Question

Let \( f : \mathbb{R}^2 \to \mathbb{R} \) be defined by \[ f(x, y) = \begin{cases} \frac{x^2 + y^5}{x^2 + y^4} & \text{if } (x, y) \neq (0, 0), \\ 0 & \text{if } (x, y) = (0, 0). \end{cases} \] Then, which of the following is/are TRUE?

• A. The iterated limits \( \lim_{x \to 0} \left( \lim_{y \to 0} f(x, y) \right) \) and \( \lim_{y \to 0} \left( \lim_{x \to 0} f(x, y) \right) \) exist.
• B. Exactly one of the partial derivatives \( \frac{\partial f}{\partial x} \) and \( \frac{\partial f}{\partial y} \) exists at \( (0, 0) \).
• C. Both the partial derivatives \( \frac{\partial f}{\partial x} \) and \( \frac{\partial f}{\partial y} \) exist at \( (0, 0) \).
• D. \( f \) is NOT differentiable at \( (0, 0) \).

Hint:

When evaluating iterated limits, check the limits one direction at a time. For multivariable functions, iterated limits may exist even if the overall limit does not.

Answer 1

The Correct Option is A

Step 1: Check the limit as \( (x, y) \to (0, 0) \).
The limit \( \lim_{(x,y) \to (0,0)} f(x,y) \) does not exist because the function behaves differently along different paths to the origin.

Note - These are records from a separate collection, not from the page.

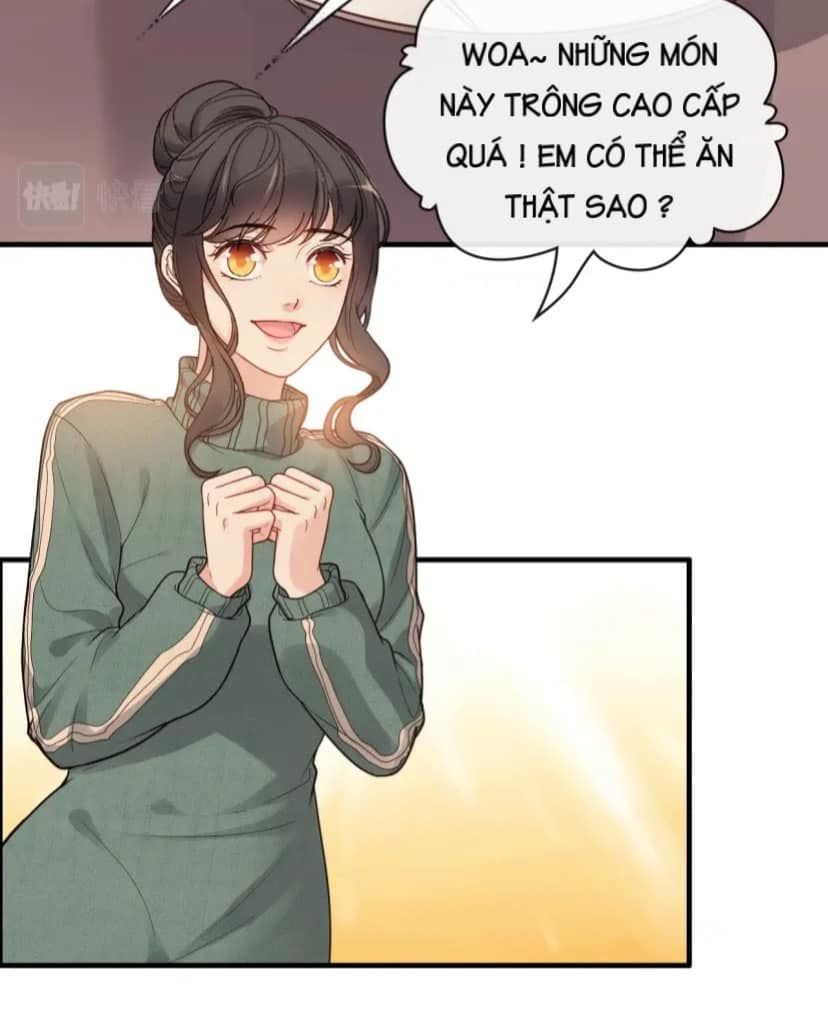 đọc truyện Cô Vợ Hợp Đồng Bỏ Trốn Của Tổng Giám Đốc Chương 393 ảnh 27 tại Thiên Thai Truyện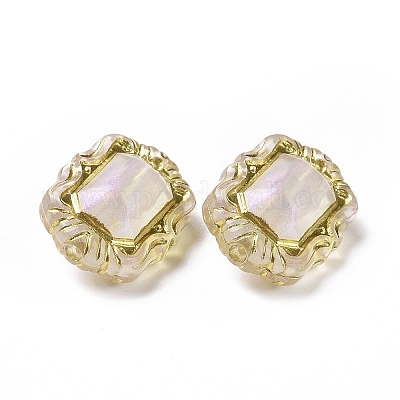 Покрытие акриловыми шариками OACR-E014-05-1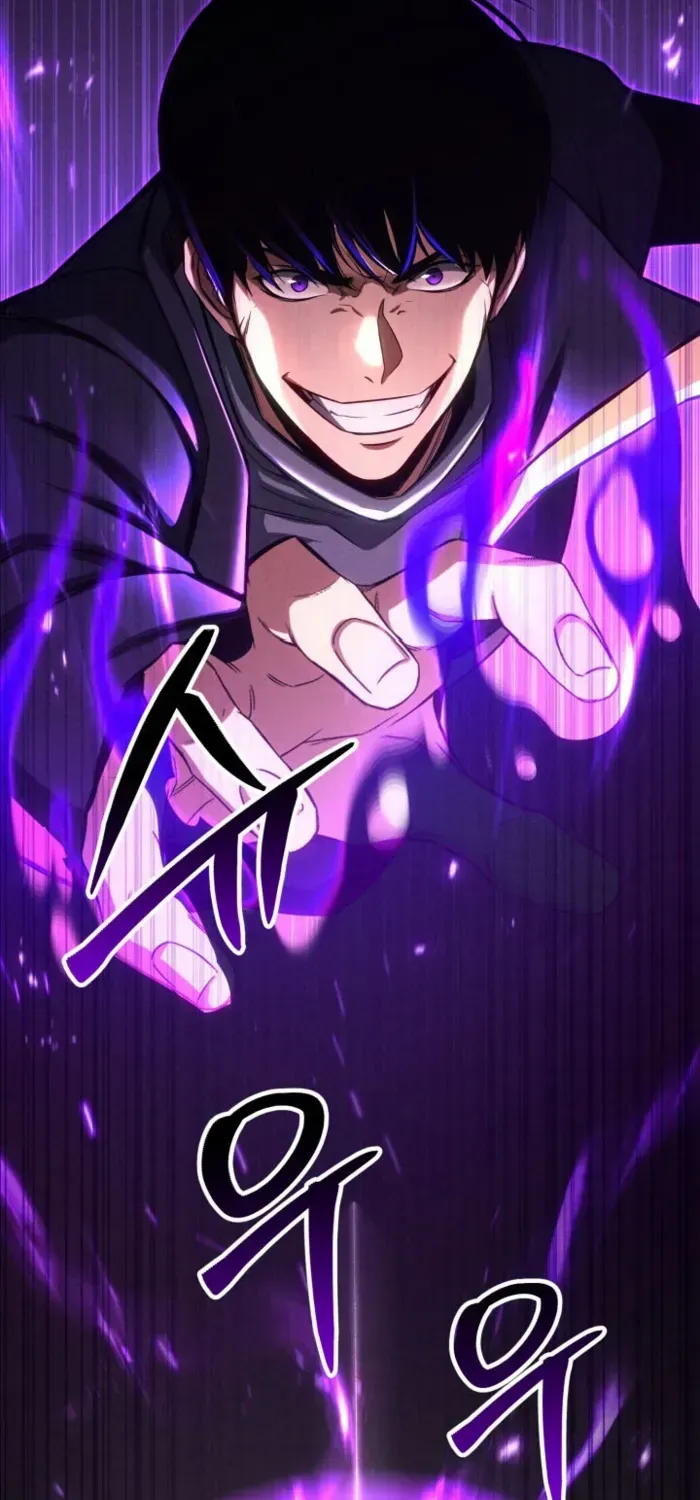 Unrivaled Necromancer Chapter 88 page 87 - 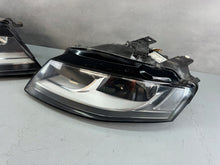 Load image into Gallery viewer, Frontscheinwerfer Audi A4 B8 Ein Stück (Rechts oder Links) Headlight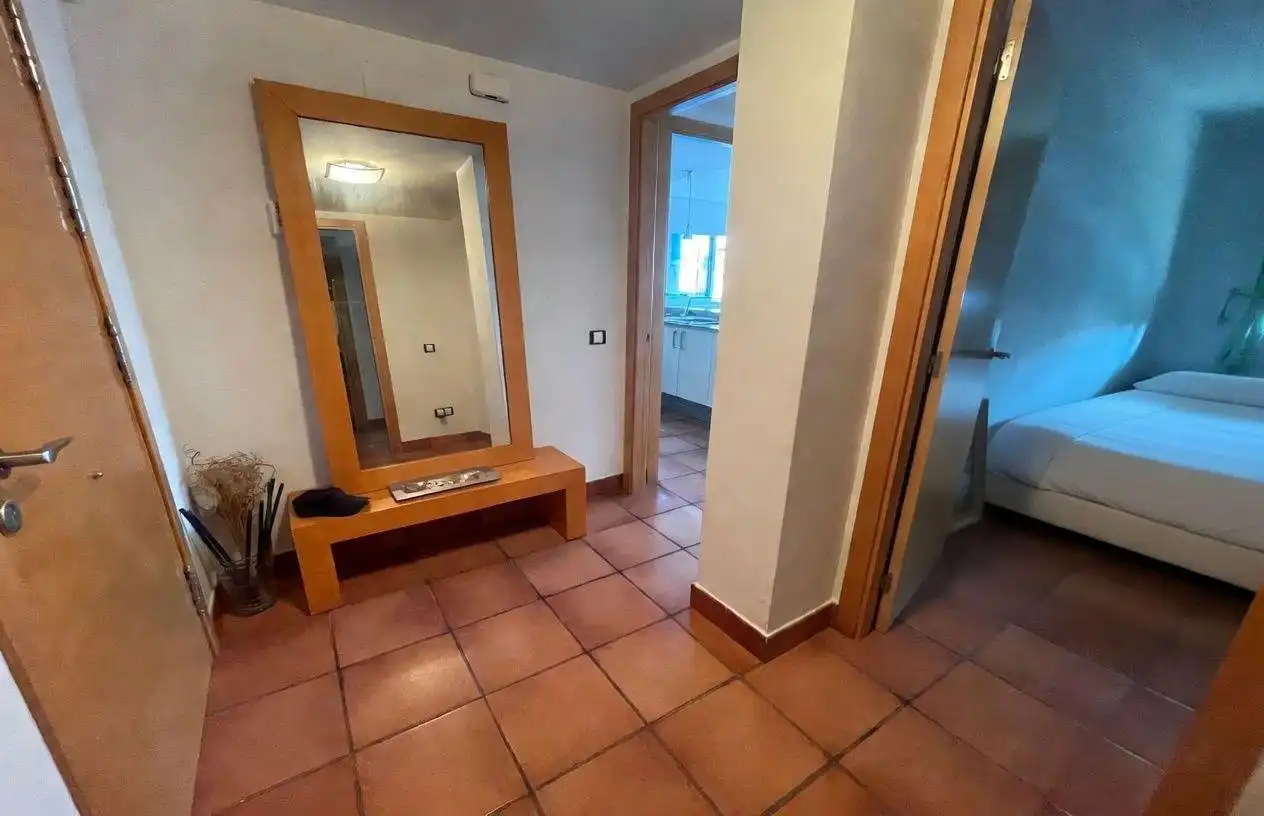 Erdgeschosswohnung mit Pool zum Verkauf in Alcanar, imagen 11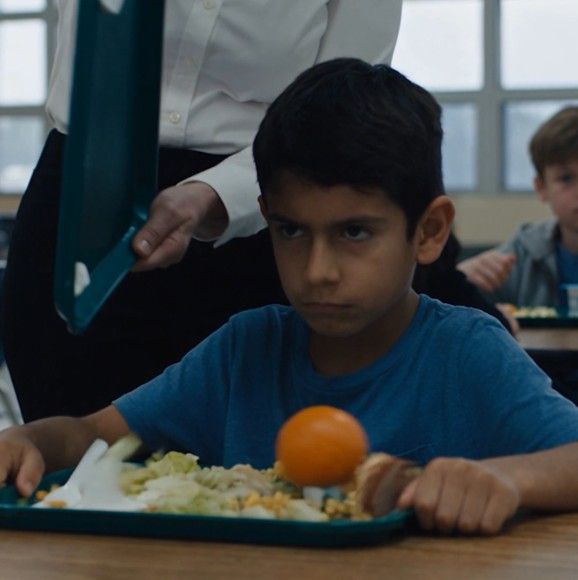 Mateo’s Lunch Was Thrown Away Over a Payment He Had Already Delivered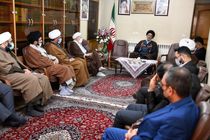 ترویج فرهنگ قرآن کریم در جامعه مورد توجه خاص قرار گیرد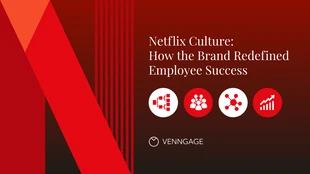 premium  Template: قالب Netflix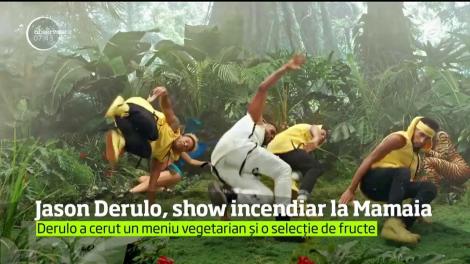 Jason Derulo va incendia litoralul românesc! Organizatorii se grăbesc să îi îndeplinească toată lista de cerințe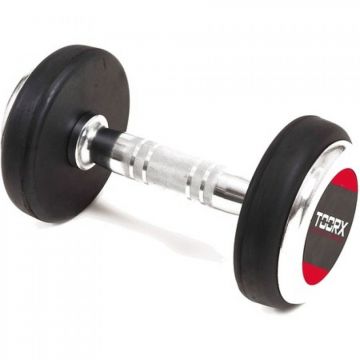 Gantera profesionala TOORX 22 Kg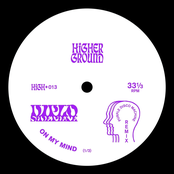 On My Mind (Purple Disco Machine Remix (Extended))
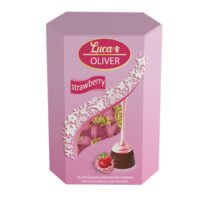 Çilek Oliver Luca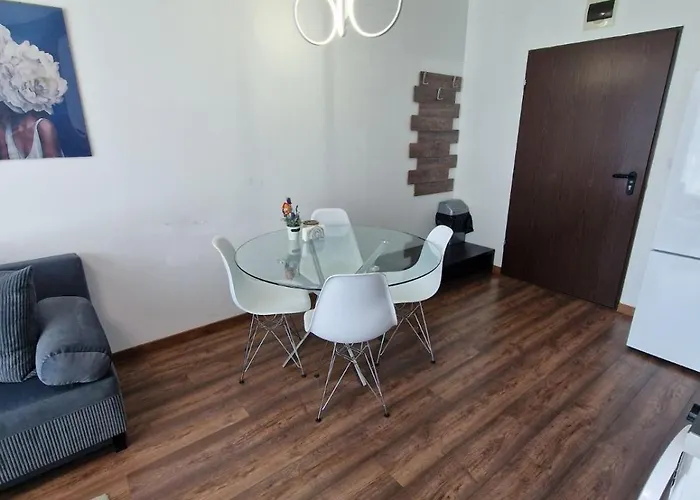 саmи Apartamento Burgas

However, we are asked to evaluate the iterated limits. 
Step 2: Compute the iterated limits.
We compute \( \lim_{x \to 0} \left( \lim_{y \to 0} f(x, y) \right) \) and \( \lim_{y \to 0} \left( \lim_{x \to 0} f(x, y) \right) \). - For \( \lim_{y \to 0} f(x, y) \) when \( x \neq 0 \), we get: \[ f(x, 0) = \frac{x^2 + 0^5}{x^2 + 0^4} = 1. \] Thus: \[ \lim_{y \to 0} f(x, y) = 1 \quad \text{for } x \neq 0. \] Now, compute \( \lim_{x \to 0} 1 = 1 \). Thus: \[ \lim_{x \to 0} \left( \lim_{y \to 0} f(x, y) \right) = 1. \] - For \( \lim_{x \to 0} f(x, y) \) when \( y \neq 0 \), we get: \[ f(0, y) = \frac{0^2 + y^5}{0^2 + y^4} = y. \] Thus: \[ \lim_{x \to 0} f(x, y) = y \quad \text{for } y \neq 0. \] Now, compute \( \lim_{y \to 0} y = 0 \). Thus: \[ \lim_{y \to 0} \left( \lim_{x \to 0} f(x, y) \right) = 0. \] Step 3: Conclusion.
The iterated limits exist, as both limit expressions give finite values. 
Final Answer: \[ \boxed{\text{The iterated limits } \lim_{x \to 0} \left( \lim_{y \to 0} f(x, y) \right) \text{ and } \lim_{y \to 0} \left( \lim_{x \to 0} f(x, y) \right) \text{ exist.}} \]